No último dia 27 de maio, o Plenário do Supremo Tribunal Federal (STF) finalizou o julgamento de ação que discutia a constitucionalidade da Súmula 277 do Tribunal Superior do Trabalho (TST), por meio da qual se consolidou o entendimento de que as condições previstas em acordos ou convenções coletivas de trabalho (ACTs ou CCTs) se incorporavam contrato individual de trabalho até que nova norma coletiva fosse firmada, a chamada ultratividade das normas coletivas.
Por maioria de votos, o STF declarou inconstitucional a Súmula 277 do TST, bem como todas as interpretações e decisões judiciais no sentido de que o artigo 114, parágrafo segundo, da Constituição, autoriza a aplicação do princípio da ultratividade às disposições de ACTs ou CCTs.
Desde a publicação da Lei 13.467/17 (popularmente chamada de “reforma trabalhista”), que entrou em vigor em novembro de 2017, a Consolidação das Leis do Trabalho (CLT) passou a dispor expressamente em seu artigo 614, parágrafo terceiro, que é vedada a ultratividade das normas coletivas, cuja duração não poderá ser superior a dois anos. Entretanto, mesmo com essa modificação legal, o TST manteve íntegra a redação da Súmula 277, inclusive com a aplicação do seu entendimento nos julgamentos realizados posteriormente à reforma, dependendo do período em discussão.
Essa postura do TST, de manter intacta a redação da Súmula 277, poderia levar à construção de entendimento diametralmente oposto: de que a nova redação do artigo 614, parágrafo terceiro, da CLT seria inconstitucional, haja vista que o teor da referida súmula é derivado da interpretação do artigo 114, parágrafo segundo, da CF, após a Emenda Constitucional 45/2004. Nessa esteira, o TST poderia passar a fundamentar eventuais decisões de reconhecimento da ultratividade de normas coletivas com base em uma interpretação de que o que passou a ser disposto na CLT viola a Constituição.
Por tais motivos, a decisão do STF tem importância ímpar para firmar de vez o entendimento de que não há ultratividade das disposições de acordos e convenções coletivas de trabalho, privilegiando os princípios da liberdade sindical, separação dos poderes, autonomia da vontade e, principalmente, da segurança jurídica.
As negociações coletivas consagram o princípio da liberdade sindical e refletem a vontade das partes para aquele momento de vigência da norma coletiva, tanto que a própria CF dispõe expressamente no rol de direitos dos trabalhadores o reconhecimento das convenções e acordos coletivos de trabalho.

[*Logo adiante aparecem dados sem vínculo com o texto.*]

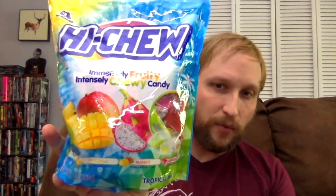Now this one I'm going to try. I already tried mango — mango's included in this one — but I'm going to try the other three. This is their intensely fruity, intensely chewy tropical mix. We have kiwi, mango, pineapple, and dragon fruit. I'm most interested in the dragon fruit because I don't really know what dragon fruit on its own tastes like, but we're going to find out.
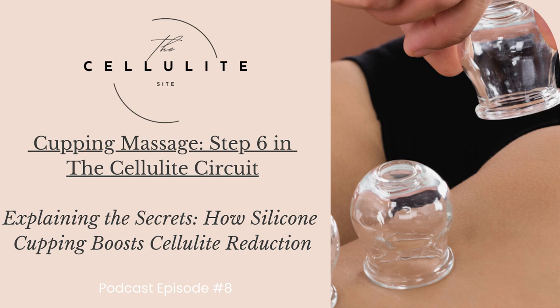Thank you for tuning in to The Cellulite Site. We appreciate you being part of our community dedicated to exploring and sharing insights on cellulite health. Connecting with confident women like you is what makes this journey so fulfilling. Our mission is to simplify your path to progress and spare you from months of uncertainty. Visit thecellulitesite.com to grab your Cellulite Circuit Checklist and embark on your transformative journey today. Remember, it's not just about absorbing information intellectually — it's about committing to the work and celebrating the results. The content shared is based on personal experiences and perspectives and is not medical advice.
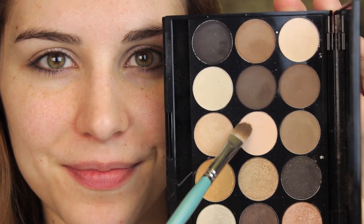Up next, I'm using the same flat shader brush in a shade that isn't as shimmery. It's more of a soft cream and I'm using that in my inner corner as well as just beneath my eyebrows to add a little bit of definition there.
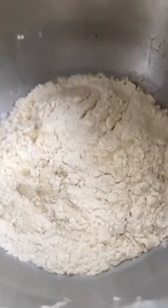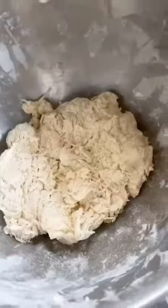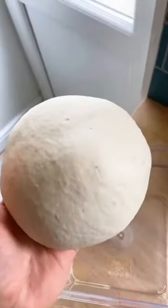Then add in some 00 pizza flour — this is the fancy stuff — and the tiniest bit of fresh yeast. Mix it together just gently with your hands until the dough is shaggy. That is what we call shaggy. Cover it for 10 minutes, then knead for 10 to 15 minutes on a medium-low speed. That is very smooth. Now take a tub, lightly oiled, pop it in.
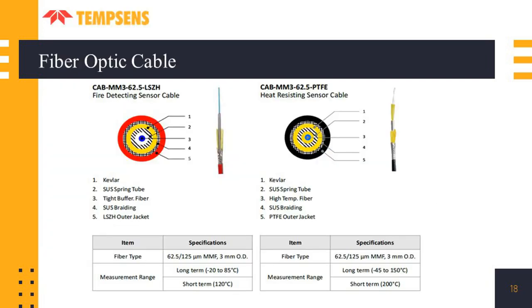There are two cables used according to the application. The first is a fire detection cable which works up to 120°C. The second is a heat resisting sensor cable which can work up to 200°C for short term and 150°C for longer term. These two cables are used with the DTS system.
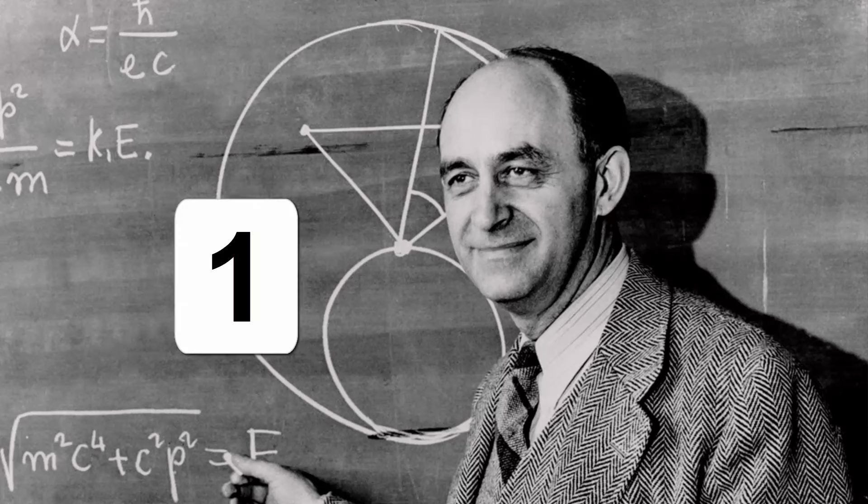Once upon a time, I was told that the great physicist Enrico Fermi said, if I understand the n equals 1, n equals 2, and n equals 3 cases, I truly understand it. I've never been able to find that quote, but the idea has a great power to it. Translating that into guitar, what that means is if we understand a chord, a lick, or a scale — whatever — in three different places of the fretboard, we're well on our way to mastering it.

O entendimento de que os direitos negociados, especificamente os mais benéficos aos empregados, incorporavam-se ao contrato de trabalho até que nova negociação coletiva viesse para suprimi-los servia como um desestimulo à negociação coletiva, pois trazia um certo conforto e até se prestava como uma forma de pressão por parte dos Sindicatos Profissionais de que, se a negociação não evoluísse, as condições da norma anterior continuariam sendo aplicáveis, mesmo que não guardassem sintonia com a nova realidade em que seriam aplicadas.
Enquanto aos trabalhadores eram assegurados todos os direitos previstos na norma coletiva não mais vigente até que a nova negociação fosse concluída, aos empregadores restava, muitas das vezes, passar meses, ou até anos tendo que arcar com o pagamento de valores que poderiam não mais fazer sentindo com a momento econômico, o que gerava um desequilíbrio na relação contratual, especialmente por se considerar que, em uma negociação coletiva em que os trabalhadores estão devidamente representados, ambas as partes possuem condições de paridade negocial.
À vista disso, o ministro Gilmar Mendes ressaltou em seu voto que a ultratividade das normas coletivas acaba por reduzir a viabilidade da negociação coletiva e aumentar a instauração de dissídios coletivos. Ou seja, ao invés de privilegiar a autonomia da vontade coletiva, as partes acabam tendo que buscar a Justiça do Trabalho para exercer o seu poder normativo. E os julgadores, por sua vez, apesar de baseados nas negociações anteriores e na pauta de reivindicações para decidir, podem acabar tomando decisões que não vão refletir integralmente a realidade daquela determinada categoria.
Assim, a decisão do STF, além de prezar pela correta interpretação da Constituição e garantir a observância dos princípios basilares do ordenamento jurídico brasileiro, reconhece que a vontade das partes na negociação deve prevalecer também em relação ao período de vigência das disposições que foram objeto da norma coletiva, o que não significa um desamparo ao trabalhador, sopesando que, mesmo com o término da vigência do acordo ou convenção coletiva sem a renovação imediata, continuarão sendo garantidos aos trabalhadores todos os direitos previstos na legislação e na própria Constituição.